What item have you owned for the longest time?
In terms of things I actually still use on a regular basis, a copy of Laurie Garrett’s 1994 book The Coming Plague. It inspired my choice of career and I still consult its chapters 20 years later.
What is your latest purchase?
A pile of new wardrobe items for an upcoming The Nature of Things shoot. Turns out my usual attire of cat-hair-covered black stuff doesn’t translate well on TV.
Whom do you most admire (living or dead) and why?
I’ve had amazing scientific mentors – Fiona Brinkman, Bob Hancock, Bob Brunham, and Bonnie Henry – and if I could manage a tenth of their intelligence, grace, and wisdom in my daily interactions, I’d die happy.
What would you like your epitaph to say?
She knew what it was to love.
If you could invent something, what would it be?
Some kind of very powerful vacuum embedded in the baseboards of a house that, every day, would turn on and suck up all the pet hair from the floors. I should write to that Dyson guy…
In which era would you most like to have lived, and why?
The future! As a woman in science I can’t very well imagine being happy in the past, and I always wondered what our future would look like, from 100 years out to the last moment before the end of the universe.
What are you afraid of?
Losing loved ones.
Name the skill or talent you would most like to have.
The ability to complete my own taxes.
Which three pieces of music would you take to that desert island?
Something by my husband; Brian Eno’s Ambient 1: Music for Airports; and something that would become my coconut-picking theme song. Probably that Harry Nilsson number.
Which famous person (living or dead) do you think (or have you been told) you most resemble?

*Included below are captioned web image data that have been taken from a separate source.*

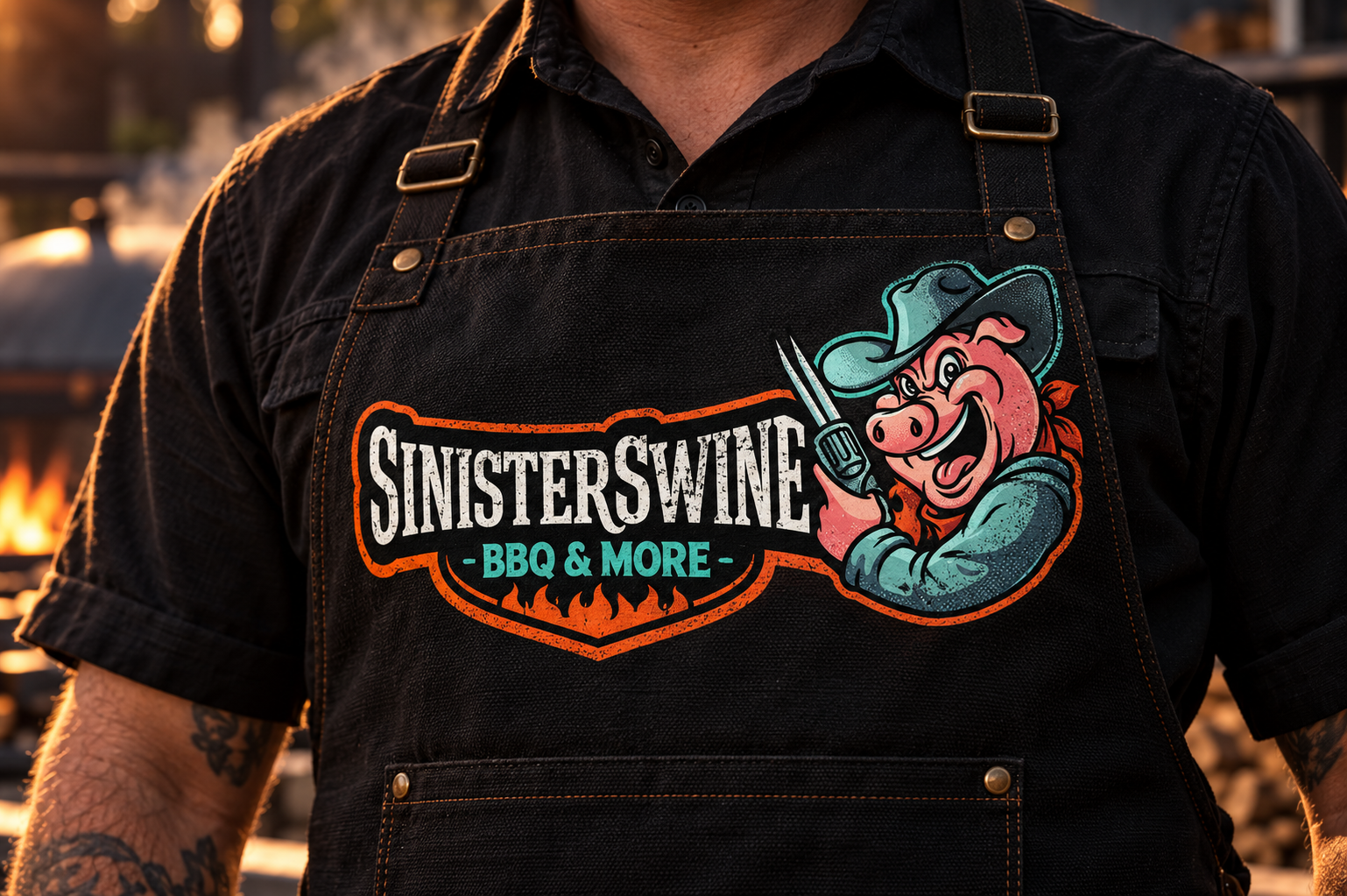 AI-generated brand concept for Sinister Swine BBQ and More: uniform closeup.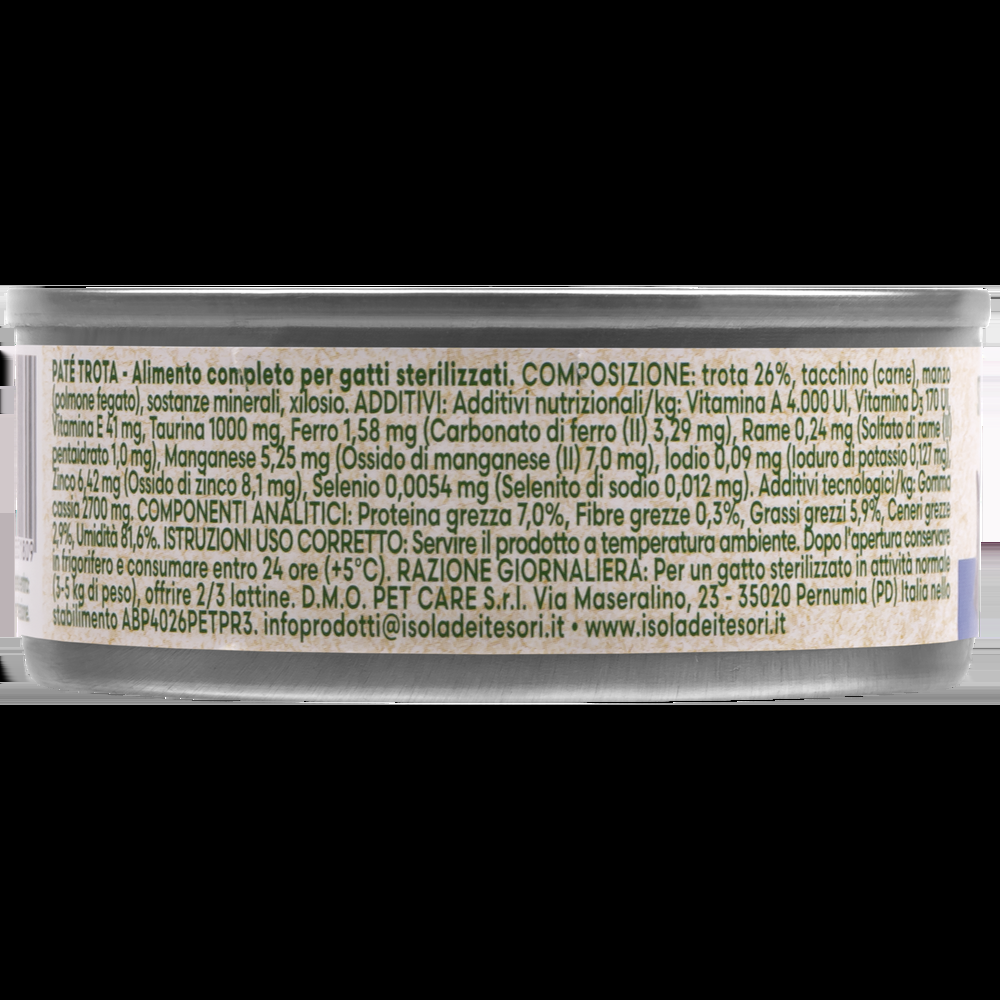 Naturalpet Cat Sterilised Paté alla trota 85gr 000143897 Enormi risparmi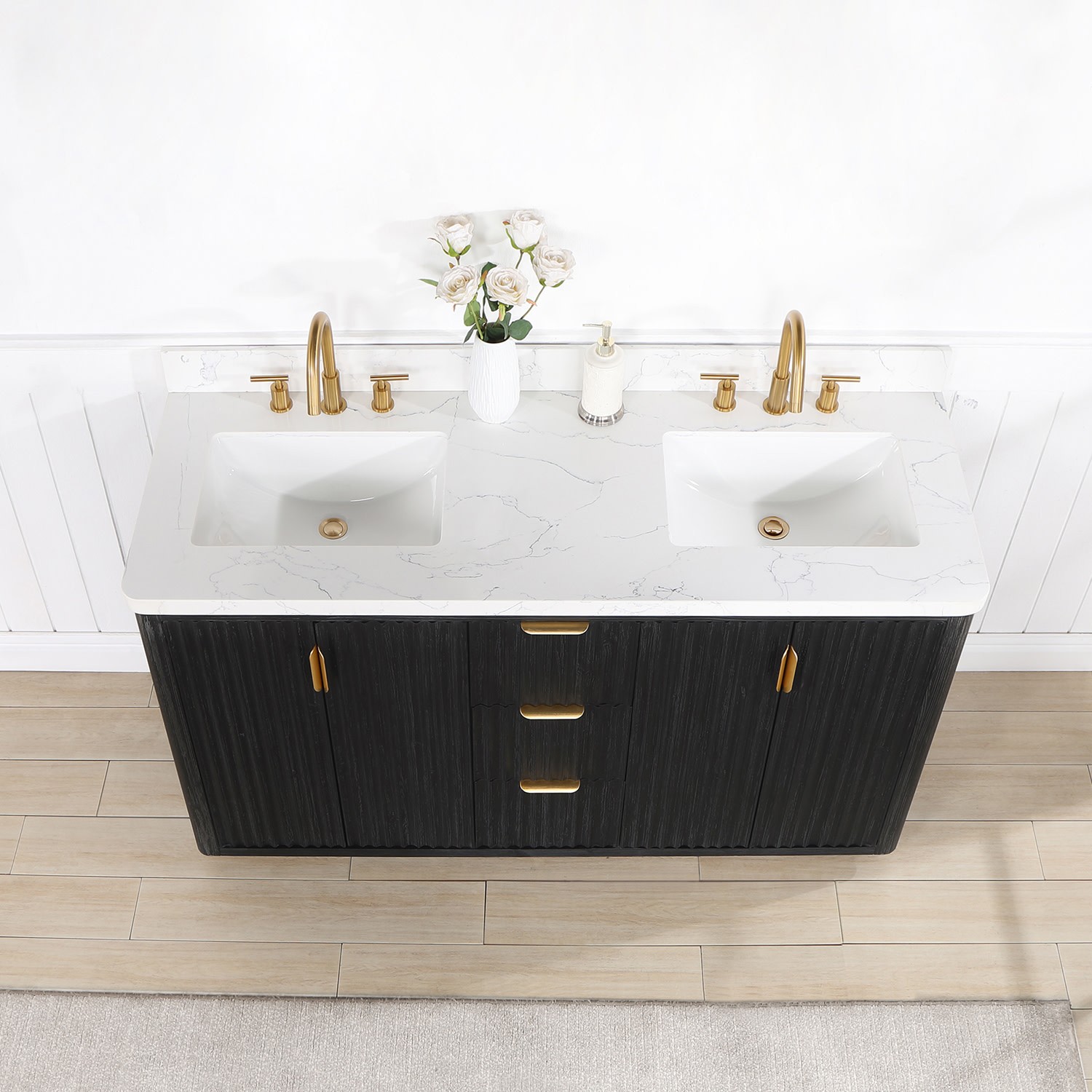 Miseno MV-NM-704160M Cadiz 60″ – Fir Wood Black / Lightning White
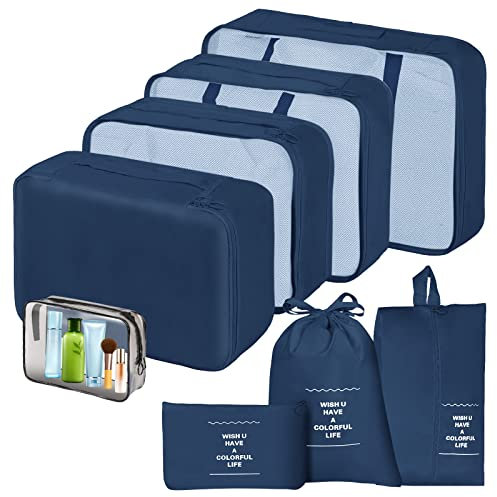 Sarsumir Koffer Organizer Set Packing Cubes, 8 Stück Reise Packwürfel Kofferorganizer Compression Packtaschen für Koffer mit Wasserdicht Schuhbeutel Kleidertaschen, Navy Blau
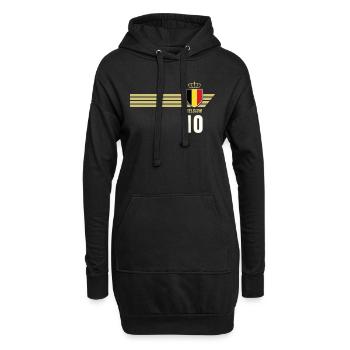 Belgien Teufel Patriotismus Fussball Fan Trikot - Hoodie-Kleid - Schwarz - Vorne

Amelie. I had to grow my hair out after that film came out; the comparisons were getting a little too frequent.
What is your pet peeve?
When individuals fail to consider the consequences of their actions for others, or act in a way that demonstrates they can’t see perspectives other than their own. This is most obvious in Vancouver drivers.
What are some of your UBC highlights?
Working at The 432 (erstwhile satirical rag) and The Ubyssey, bZZr gardens and general mayhem on Fridays, destroying the elections commissioner’s will to live with the constant hijinks of our Radical Beer Faction party – all things that probably aren’t even close to permissible anymore.